Universities deciding whether to hire, keep or promote faculty use a mix of criteria, one of which is teaching. Teaching quality, in my experience, is judged mainly by student evaluations, to some extent those are supplemented by the views of faculty members who have sat in on a class to observe it.
Could we do better? In particular, could law schools--I currently teach at one--do better? Law schools have, from this standpoint, one significant advantage: The state bar exam, which most of their graduates will take, provides an external measurement of how successful their teaching has been. A second advantage is that, in the first year, all law students take pretty much the same courses and, where different sections of a large course, such as Contracts or Property, are taught by different professors, allocation of students is pretty nearly random.
This suggests a possible solution to the problem. Analyze bar passage rates to see if students who took Property from Professor X did, on average, better or worse than those who took it from Professor Y. If there is a significant difference, take that as evidence that one of the professors was a better teacher than the other.
There are some important limitations to this approach. Who taught a particular course in the first year is probably only a small factor in whether, three years later, the student did or didn’t pass the bar. Hence the evidence produced, even if real, is going to be very weak. It could be improved if it were possible to get bar results in a more detailed form--not just overall scores but scores on each question. One could then look for the effect of the property professor on questions that depended mostly on understanding property law, of the contracts professor on questions that depended mostly on understanding contract law.
A further limitation is that learning to pass the bar is not the only objective of law school. Professor Y, whose students do a little worse on the bar, might argue that he is spending less time than Professor X on material relevant to that exam, more time on material that will be important in the student’s future law practice. “Teaching to the test” is not, after all, an unambiguously good thing—although it becomes more defensible when the particular test is one the student has to pass if he is ever going to use what he has learned to practice law in the state he lives in.
How can this approach be generalized beyond the special case of the law school and the bar exam? Consider students who have taken the first course in a subject from a variety of different teachers but have taken a more advanced course together.
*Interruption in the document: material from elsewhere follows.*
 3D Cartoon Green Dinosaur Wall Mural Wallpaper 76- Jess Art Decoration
Their final grades in the latter course will provide some evidence of how good their preparation was, which in turn provides some evidence of how good the first course was.
One problem with this approach is that students may not have been assigned to the first course at random. Perhaps there was some reason why, on average, Professor X started with better students than Professor Y. A second and more subtle problem is that how Professor X's students do in the second course depends in part on which of them take it. Perhaps Professor X presents the material as very difficult, scaring out of the field all but the best students--with the result that, by the time we get to the second class, we are comparing X's three best students with Y's thirty best. To try to control for such problems, it would be worth including in our analysis both other information on the students, such as their SAT scores (LSAT in the law school context) and also looking at how many students from each of the initial courses went on to take more advanced courses in the subject.
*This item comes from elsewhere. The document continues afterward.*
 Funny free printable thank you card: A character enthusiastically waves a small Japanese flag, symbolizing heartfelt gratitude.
One problem with all of these approaches is that, if they are known to be in place and to have a substantial effect on hiring and promotion decisions, faculty members can be expected to try to game the system. If bar passage rate is used to measure success--not because it is all that matters but because it is the only relevant external data we have--professors have in incentive to teach to the bar exam, which may or may not be a good thing. If grades in more advanced courses are used, professors have an incentive to focus their teaching on only the better students and to try to encourage their best students into the field and their worst students out of it. Readers interested in an entertaining and intelligent discussion of the problem will find it in the first chapter of George Stigler's The Intellectual and the Marketplace, which describes the efforts of a (fictional) South American university reformer.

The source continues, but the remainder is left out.